Reputation: 6753
I want to apply a function to an entire column in a Pandas dataframe. This function will overwrite the data currently in that column but requires the value of another column next to it, to illustrate:
col 0, col 1,
23, 'word'
45, 'word2'
63, 'word3'
I have tired passing in the number column into Pandas apply method:
df[1] = df.apply(retrieve_original_string(df[0]), axis=1)
But this throws an error:
sys:1: DtypeWarning: Columns (3,4) have mixed types. Specify dtype option on import or set low_memory=False.
Traceback (most recent call last):
File "/home/noname365/similar_keywords_microsoft/similar_keywords.py", line 95, in <module>
merged_df[1] = merged_df.apply(retrieve_original_string(merged_df[0], match_df), axis=1)
File "/home/noname365/similar_keywords_microsoft/similar_keywords.py", line 12, in retrieve_original_string
row_num = int(row)
File "/home/noname365/virtualenvs/env35/lib/python3.5/site-packages/pandas/core/series.py", line 81, in wrapper
"cannot convert the series to {0}".format(str(converter)))

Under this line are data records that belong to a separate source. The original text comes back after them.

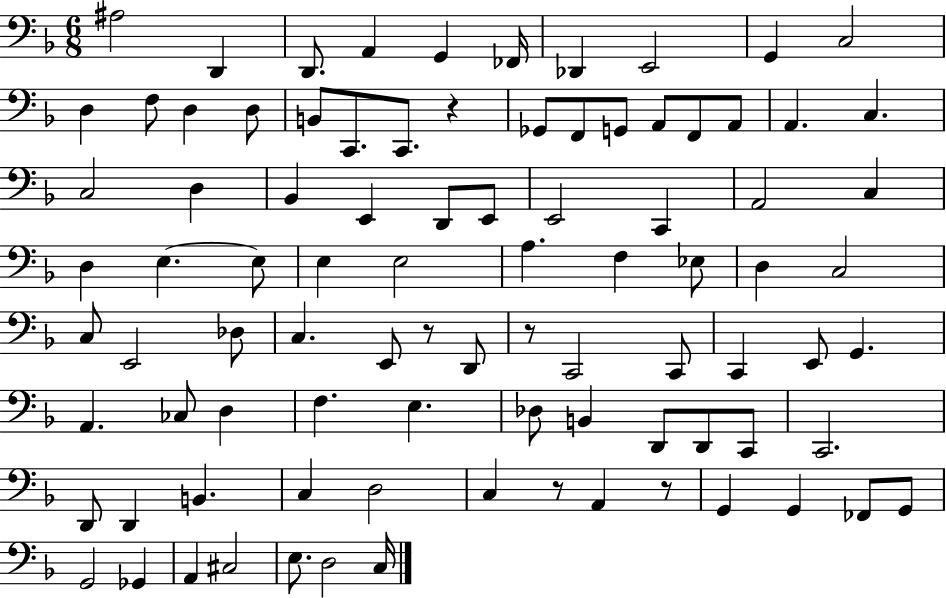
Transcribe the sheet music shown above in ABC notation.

X:1
T:Untitled
M:6/8
L:1/4
K:F
^A,2 D,, D,,/2 A,, G,, _F,,/4 _D,, E,,2 G,, C,2 D, F,/2 D, D,/2 B,,/2 C,,/2 C,,/2 z _G,,/2 F,,/2 G,,/2 A,,/2 F,,/2 A,,/2 A,, C, C,2 D, _B,, E,, D,,/2 E,,/2 E,,2 C,, A,,2 C, D, E, E,/2 E, E,2 A, F, _E,/2 D, C,2 C,/2 E,,2 _D,/2 C, E,,/2 z/2 D,,/2 z/2 C,,2 C,,/2 C,, E,,/2 G,, A,, _C,/2 D, F, E, _D,/2 B,, D,,/2 D,,/2 C,,/2 C,,2 D,,/2 D,, B,, C, D,2 C, z/2 A,, z/2 G,, G,, _F,,/2 G,,/2 G,,2 _G,, A,, ^C,2 E,/2 D,2 C,/4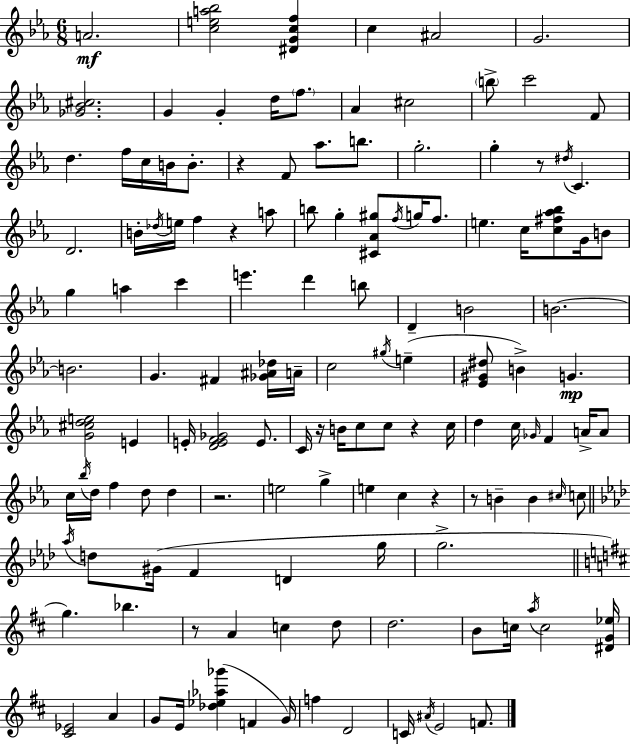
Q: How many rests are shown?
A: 9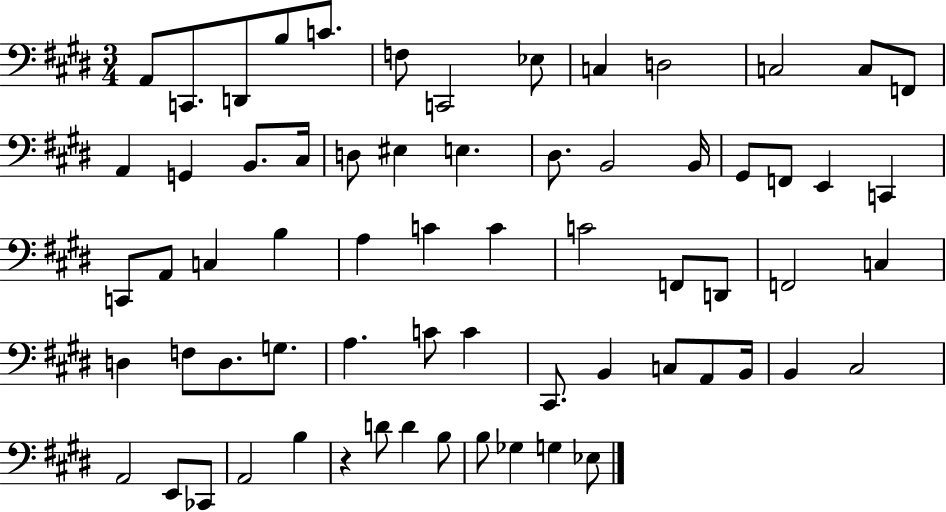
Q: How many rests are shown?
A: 1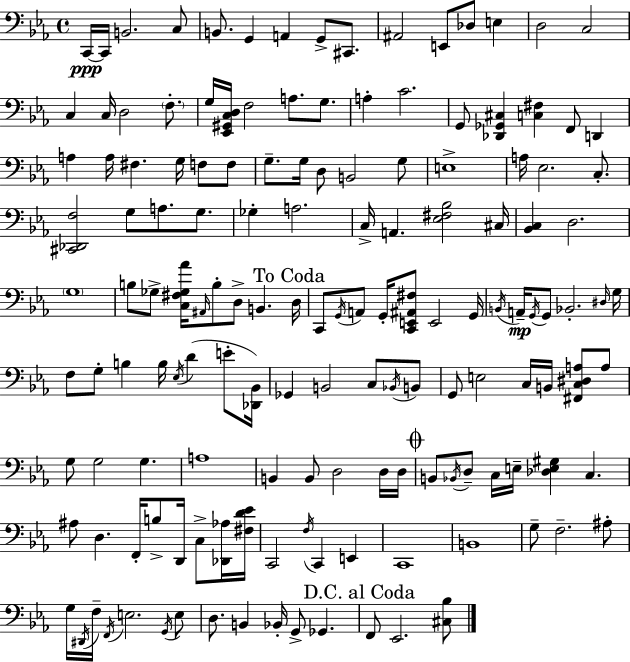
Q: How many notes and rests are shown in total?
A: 148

TypeError: cannot convert the series to <class 'int'>
The error implies that I am passing the whole number column to the function instead of individually on a row-by-row basis. How would I accomplish this?
Upvotes: 3
Views: 328
Reputation: 862441
IIUC you need iloc
for selecting second column and add lambda
as mentioned EdChum:
def retrieve_original_string(x):
x = x + 4
#add code
return x
df.iloc[:,1] = df.apply(lambda x: retrieve_original_string(x[0]), axis=1)
print df
col 0 col 1
0 23 27
1 45 49
2 63 67
#if you need new column
df['a'] = df.apply(lambda x: retrieve_original_string(x[0]), axis=1)
print df
col 0 col 1 a
0 23 'word' 27
1 45 'word2' 49
2 63 'word3' 67
Or:
def retrieve_original_string(x):
x = x + 4
#add code
return x
df.iloc[:,1] = df.iloc[:,0].apply(retrieve_original_string)
print df
col 0 col 1
0 23 27
1 45 49
2 63 67
Upvotes: 2